Caption-style text data
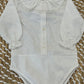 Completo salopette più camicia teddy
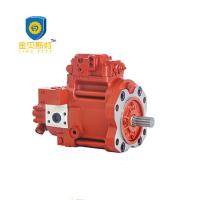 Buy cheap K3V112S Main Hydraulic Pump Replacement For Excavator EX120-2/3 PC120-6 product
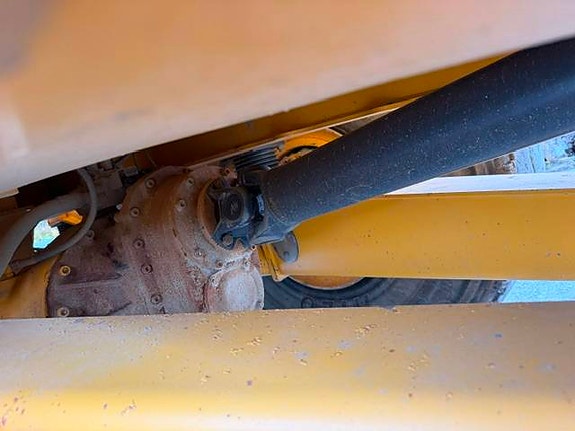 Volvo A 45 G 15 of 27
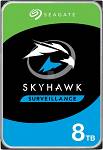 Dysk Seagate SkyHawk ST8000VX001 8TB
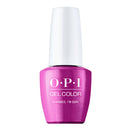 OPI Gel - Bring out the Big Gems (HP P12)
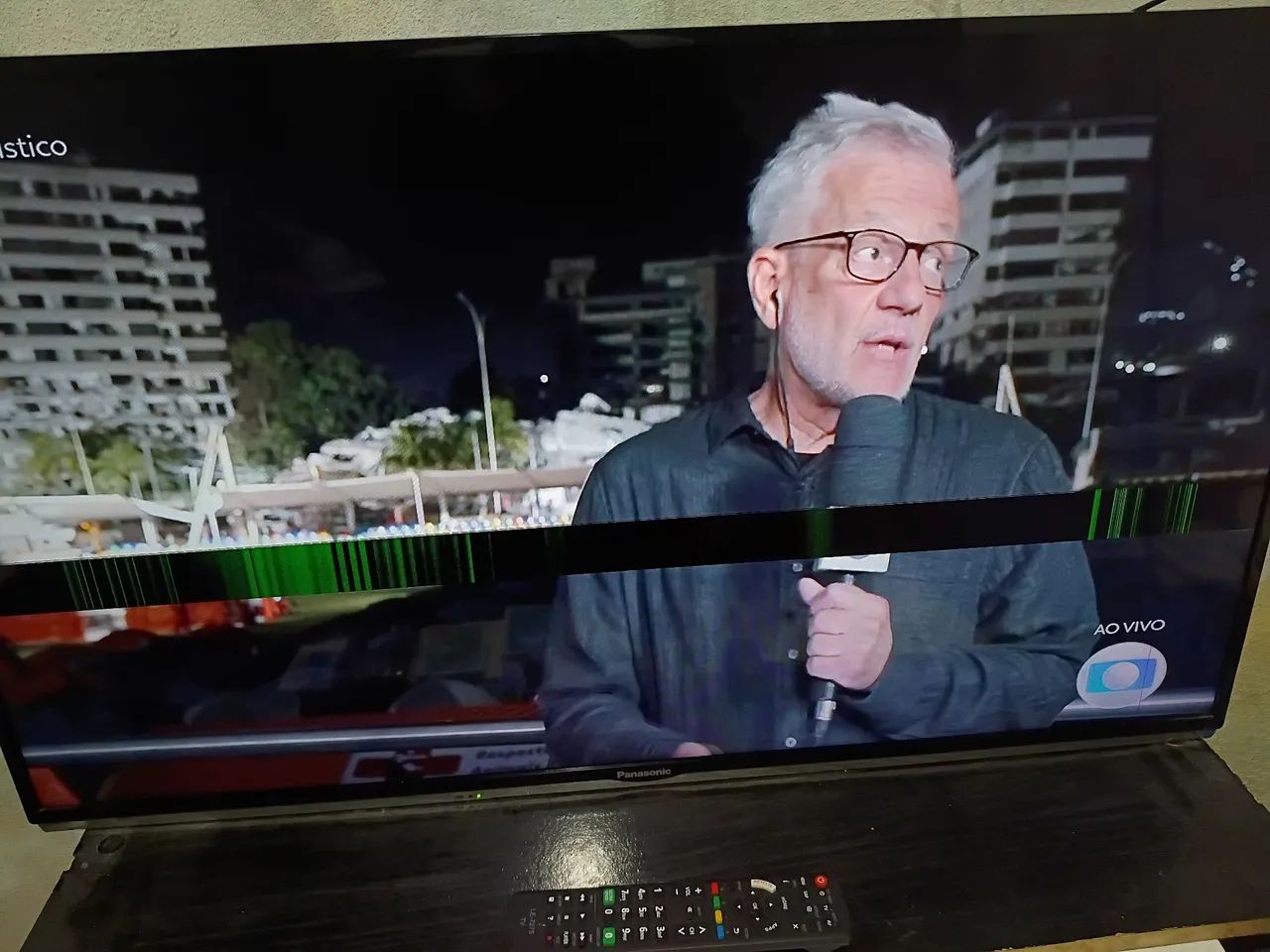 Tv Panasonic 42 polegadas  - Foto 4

• Work to complete
Reproduce every entry word for word, but omit the pictures.

• Answer section
 Completo salopette più camicia teddy
 Buy cheap K3V112S Main Hydraulic Pump Replacement For Excavator EX120-2/3 PC120-6 product
 Volvo A 45 G 15 of 27
 Dysk Seagate SkyHawk ST8000VX001 8TB
 OPI Gel - Bring out the Big Gems (HP P12)
 Tv Panasonic 42 polegadas  - Foto 4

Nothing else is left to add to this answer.